Breaking with other Virginia federal judges who have considered the issue, Roanoke U.S. District Judge Samuel Wilson has decided the stricter “plausibility” standard used to judge civil complaints does not apply to affirmative defenses.

The ruling may be cold comfort for a defendant in a contract dispute case where Wilson tossed the party’s counterclaims and most of its affirmative defenses. Nevertheless, Wilson says there is a reason not to weigh affirmative defenses on the same scale as a plaintiff’s claims.

“Knowledge at the pleading stage is often asymmetrical, disproportionately favoring the pleading of a claim by a plaintiff who has had the opportunity to time its filing.

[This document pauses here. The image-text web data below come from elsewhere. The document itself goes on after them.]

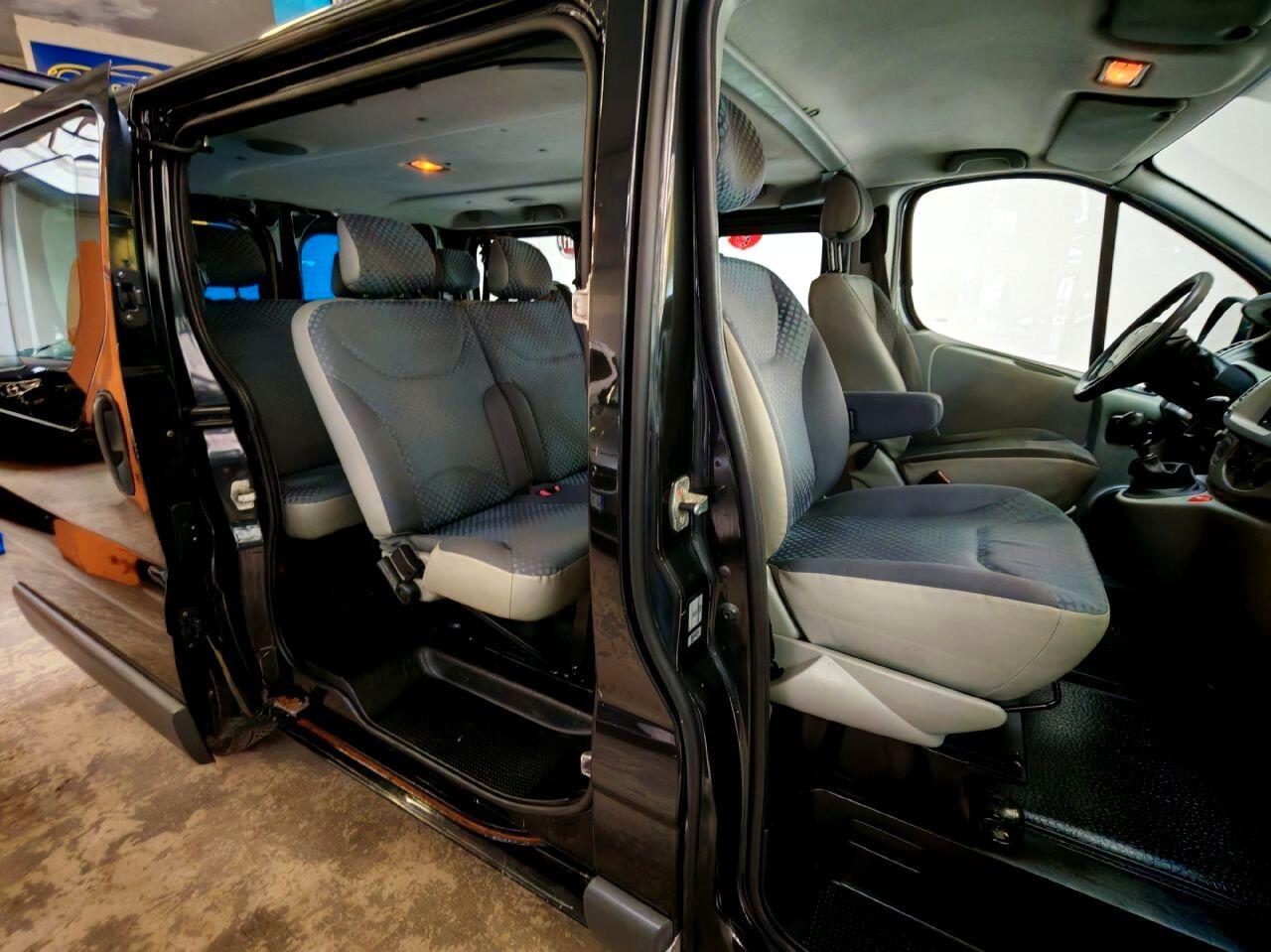 Renault Trafic 8 Posti 2.0 DCi Passenger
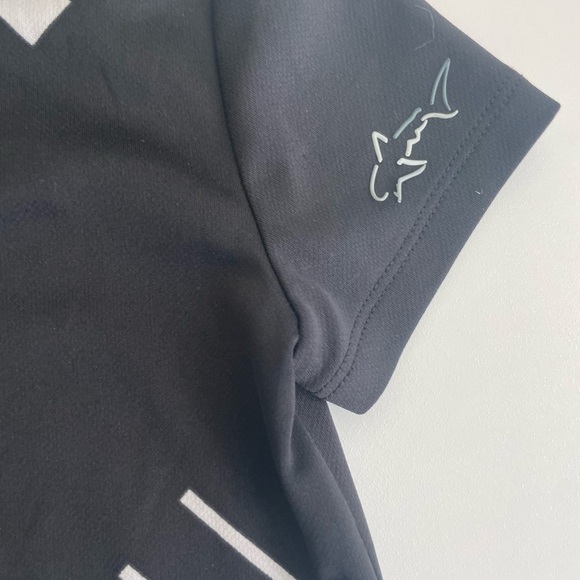 Greg Norman Kids Polo with Black and White Geometric Design Size 4T - Picture 5 of 9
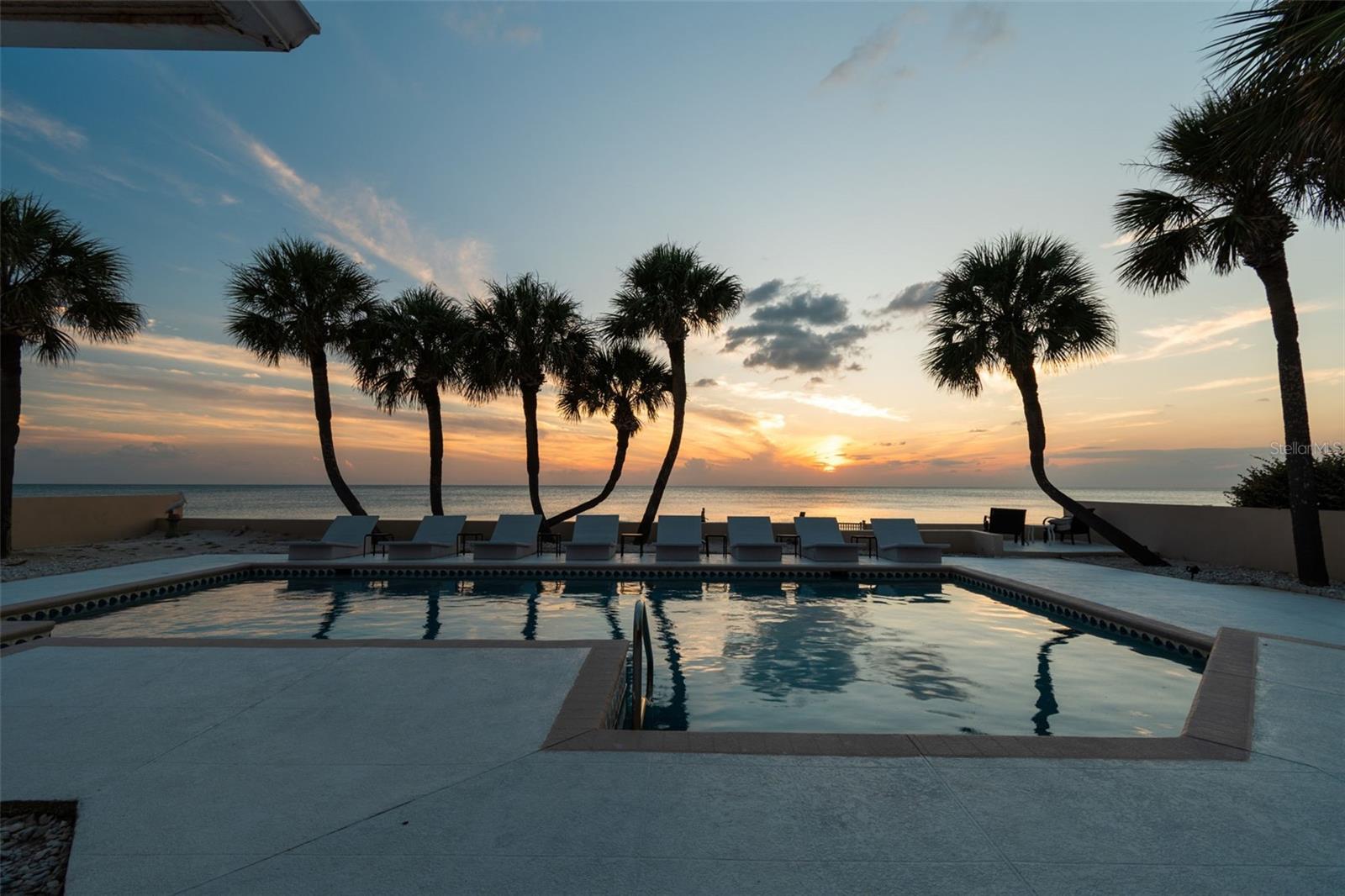 TB8456706 Property Photo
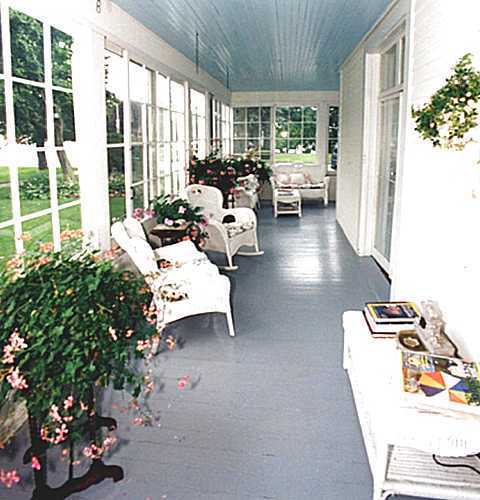 The porch.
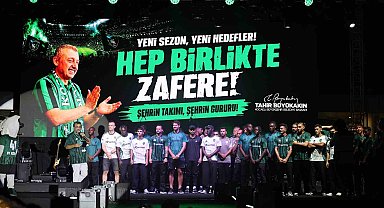 Kocaelispor yeni sezon öncesi gövde gösterisi yaptı: Metehan tanıtıldı, taraftar Buray'la coştu
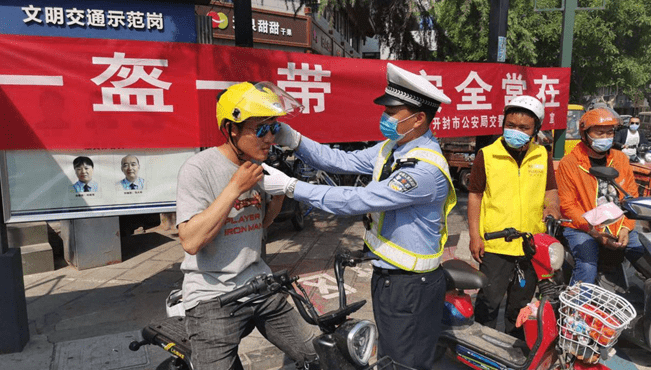 公安部推进一盔一带严查哄抬头盔价格的违法链条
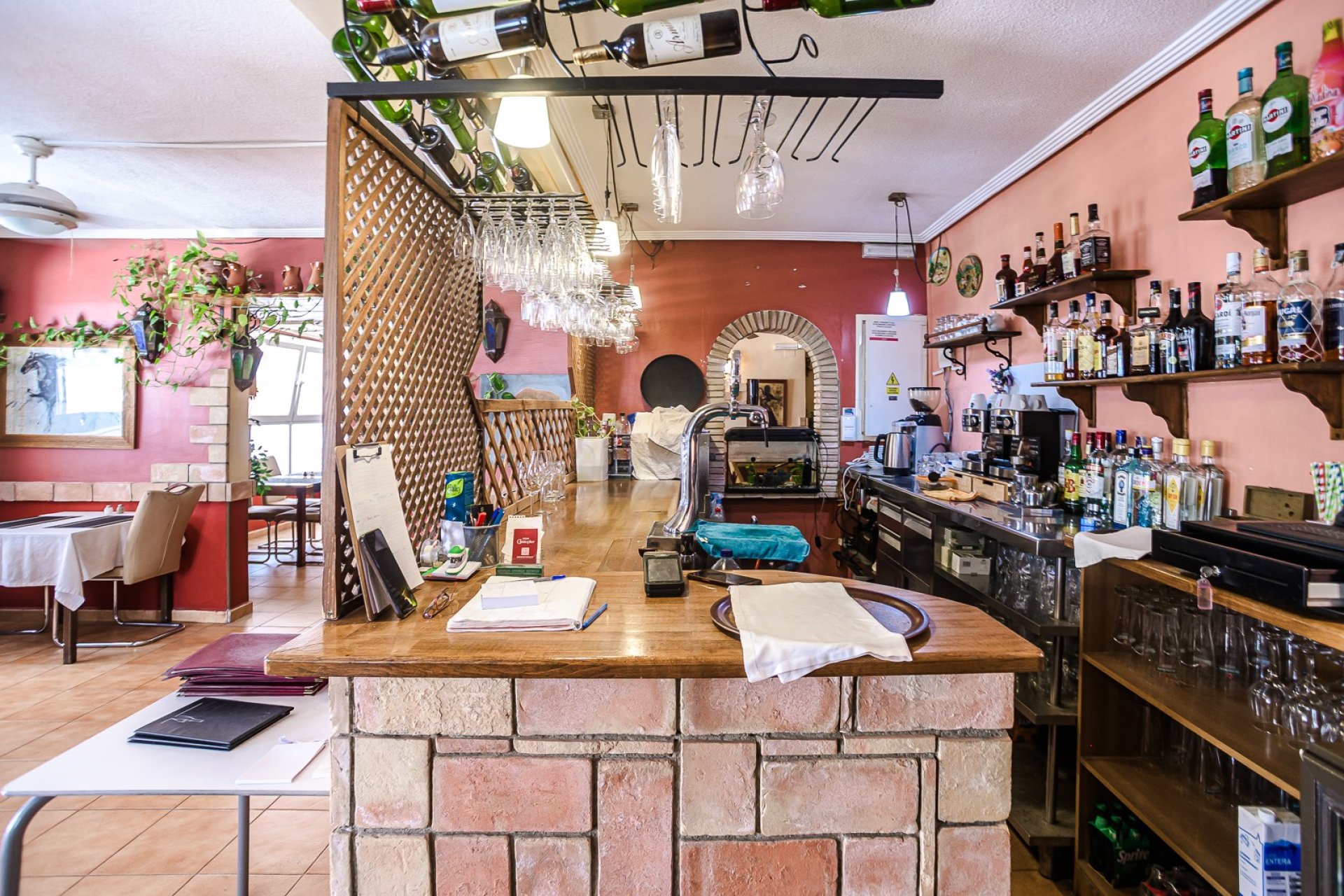 Resale - Commercial Unit -
Torrevieja - La Veleta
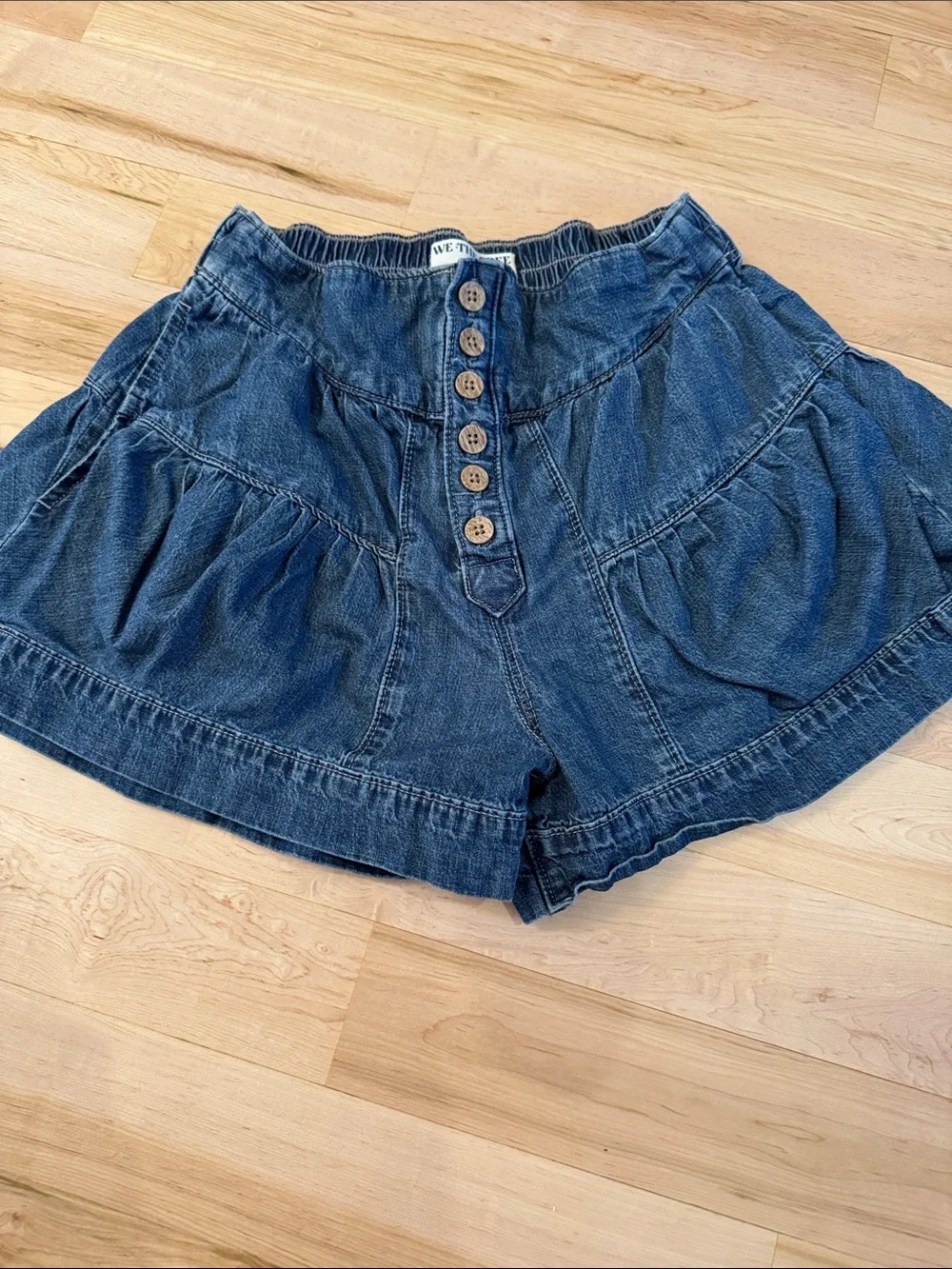 Free People Fleur denim shorts-Tiered-100% Cotton-Dark Wash-Boho-XS
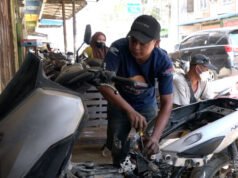 災難發生後,Asseh Tamiang 的摩托車車間營業額有所增加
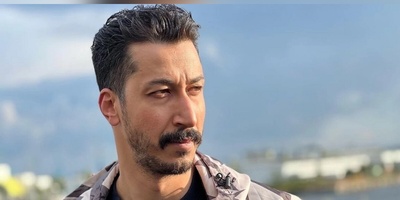 ویدئو | خاطره خنده‌دار بهرام افشاری از عشق دوران مدرسه‌اش: راننده رفت تو حیاط کلانتری! 😁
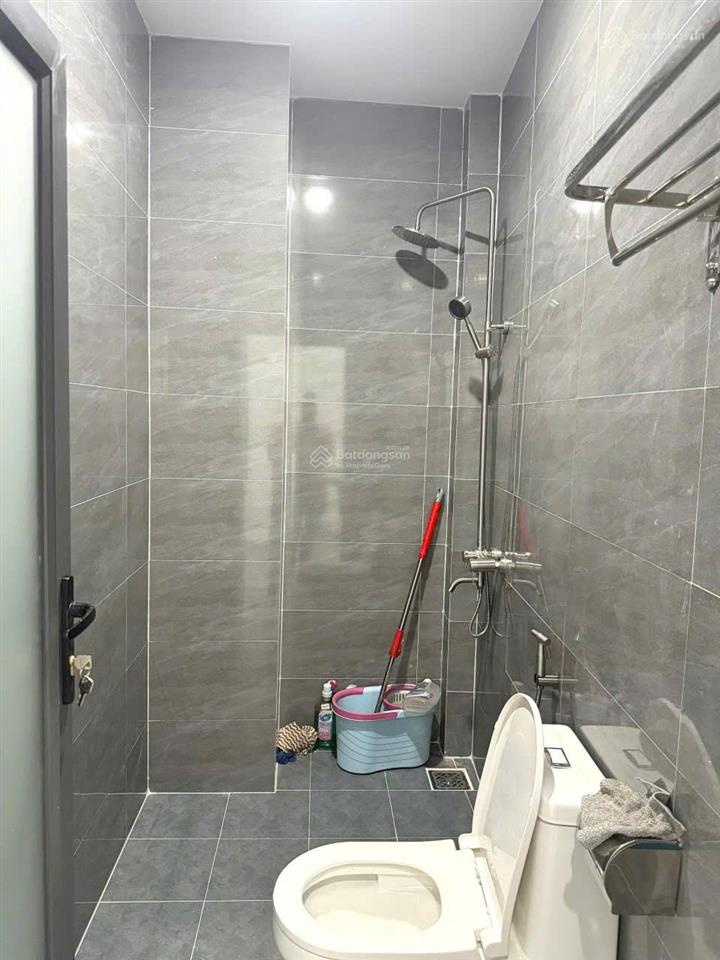 Nhà mới, nội thất đầy đủ, sang trọng, trẻ trung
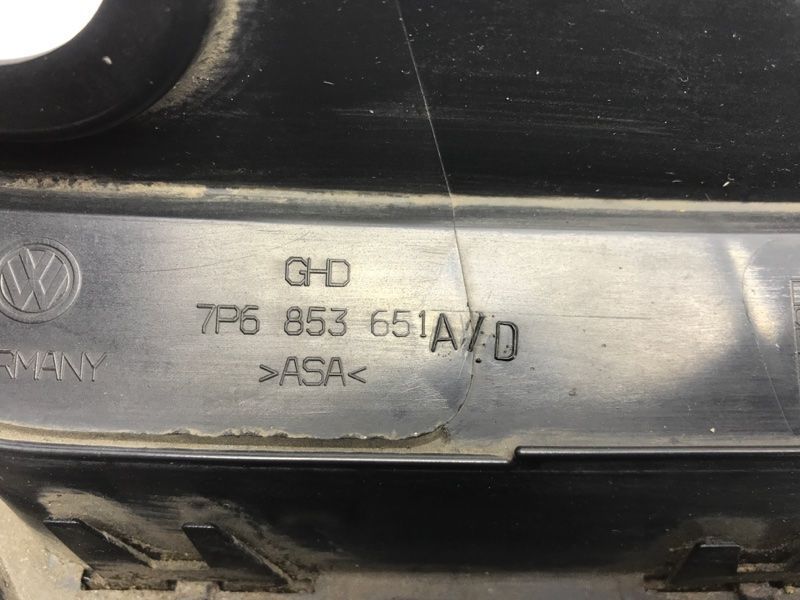 Решетка радиатора 7P6853651AZLL Volkswagen Touareg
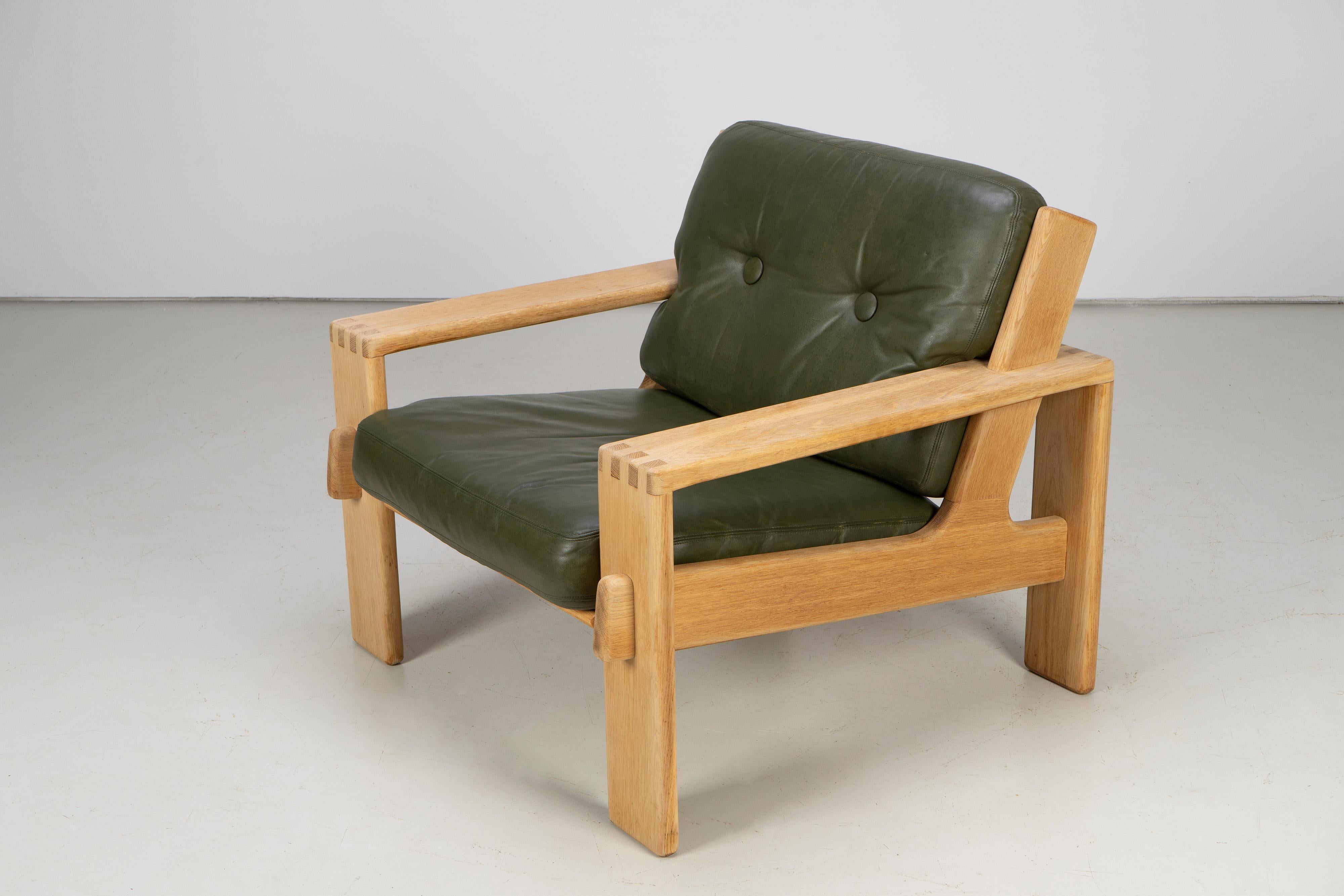 Brutalist Leather and Oak Lounge Chairs, Asko, 1960s In Good Condition In Rosendahl, DE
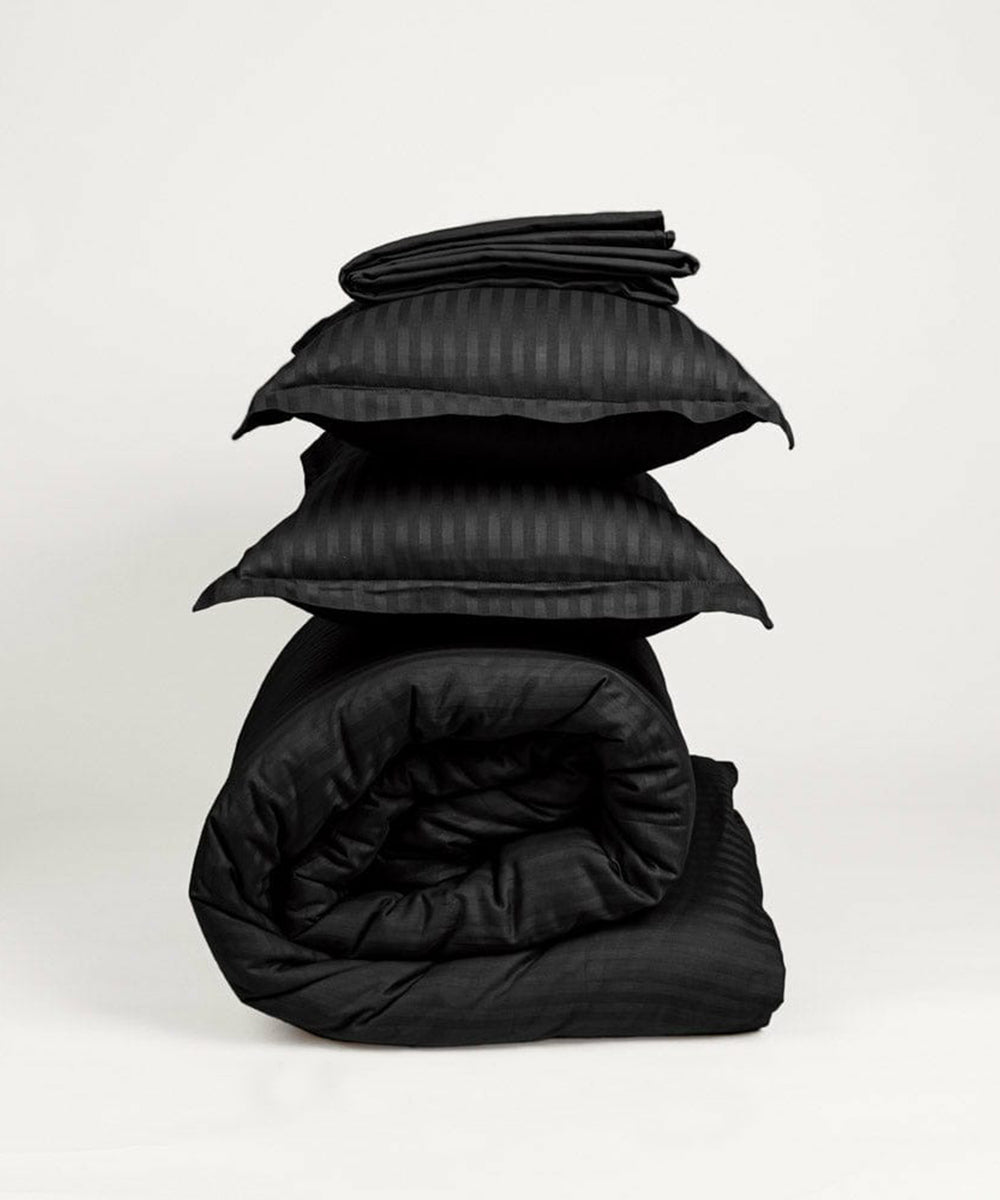 Black Comforter Set with Bedsheet & Pillow Covers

While the plaintiff often can conduct an investigation before filing the complaint to ensure its allegations are adequately supported, the defendant must respond quickly after being served,” Wilson wrote.

Nevertheless, affirmative defenses still are subject to scrutiny under Rules 11 and 12 of the Federal Rules of Civil Procedure, Wilson said. In the case at hand, Wilson found only two of the defendant’s 19 affirmative defenses to  be “contextually comprehensible” so as to survive a motion to strike.

As VLW reported this summer, two U.S. magistrate judges from both the Eastern and Western Districts have held that the Twombly-Iqbal pleading standard applies with equal force to affirmative defenses.